Bret Lott once said that when someone tells him they’ve read one of his books, he responds with astonishment: “Really? You read that whole thing?”
I feel the same way. It’s been about eight months since The Stories We Tell: How TV and Movies Echo and Long for the Truth (Crossway) was published, and I remain surprised and encouraged when anyone says he or she actually took the time to read it.
Authorial intent is a recurring conversation with readers of my book. I don’t mean mine, but the intent of the filmmakers and writers whose material I discuss throughout the book. Is it fair to look at The Wire as a reflection of Ecclesiastes if that wasn’t in the mind of David Simon? Is it fair to see superheroes as messianic figures if Stan Lee, Bob Kane, and others didn’t intend that connection? These questions were central to a great conversation I had a few weeks ago with Alan Noble, Richard Clark, and Derek Rishmawy during a Christ and Pop Culture panel at TGC’s National Conference.

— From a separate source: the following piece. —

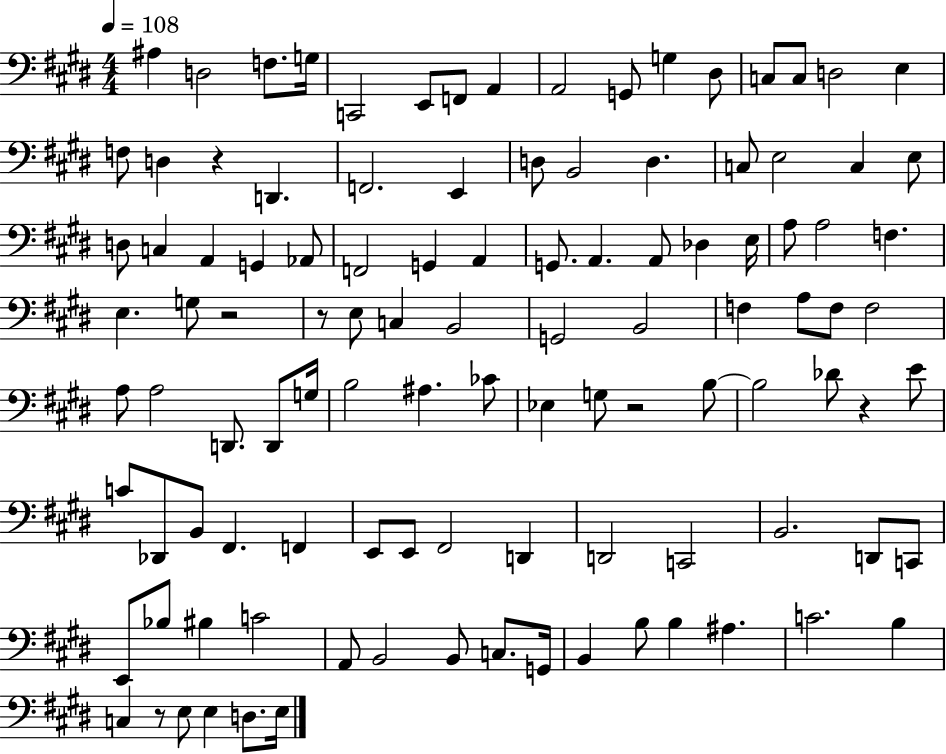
A#3/q D3/h F3/e. G3/s C2/h E2/e F2/e A2/q A2/h G2/e G3/q D#3/e C3/e C3/e D3/h E3/q F3/e D3/q R/q D2/q. F2/h. E2/q D3/e B2/h D3/q. C3/e E3/h C3/q E3/e D3/e C3/q A2/q G2/q Ab2/e F2/h G2/q A2/q G2/e. A2/q. A2/e Db3/q E3/s A3/e A3/h F3/q. E3/q. G3/e R/h R/e E3/e C3/q B2/h G2/h B2/h F3/q A3/e F3/e F3/h A3/e A3/h D2/e. D2/e G3/s B3/h A#3/q. CES4/e Eb3/q G3/e R/h B3/e B3/h Db4/e R/q E4/e C4/e Db2/e B2/e F#2/q. F2/q E2/e E2/e F#2/h D2/q D2/h C2/h B2/h. D2/e C2/e E2/e Bb3/e BIS3/q C4/h A2/e B2/h B2/e C3/e. G2/s B2/q B3/e B3/q A#3/q. C4/h. B3/q C3/q R/e E3/e E3/q D3/e. E3/s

My first answer to that question is “no.” I agree with many Christian cultural critics who say Christian criticism too often seeks to turn every story into a Sunday school lesson. That was certainly not the goal of my project in The Stories We Tell.
My favorite example on this topic is one beloved by Christians: J. R. R. Tolkien. In the introduction to a later edition of The Lord of The Rings, Tolkien scolds readers who would turn his story into an allegory for the Bible or World War II. He acknowledges parallels but says his goal was to tell a story that stood on its own. Christian readers who argue Gandalf is symbolic of Jesus, Frodo and Sam are Peter and John, and so on are simply wrong; that’s not what Tolkein was doing with his story.
However . . .
More to the Story
I also believe there’s more to stories—or any cultural artifact, for that matter—than the intent of the author. The work of artists (at its best) explores what it means to be human. We are propelled by love and desire, by hunger for “the ultimate answer to the ultimate question of life, the universe, and everything” (to borrow a phrase from Douglas Adams). Stories can’t help but reckon with this sort of thing because they can’t help but be human.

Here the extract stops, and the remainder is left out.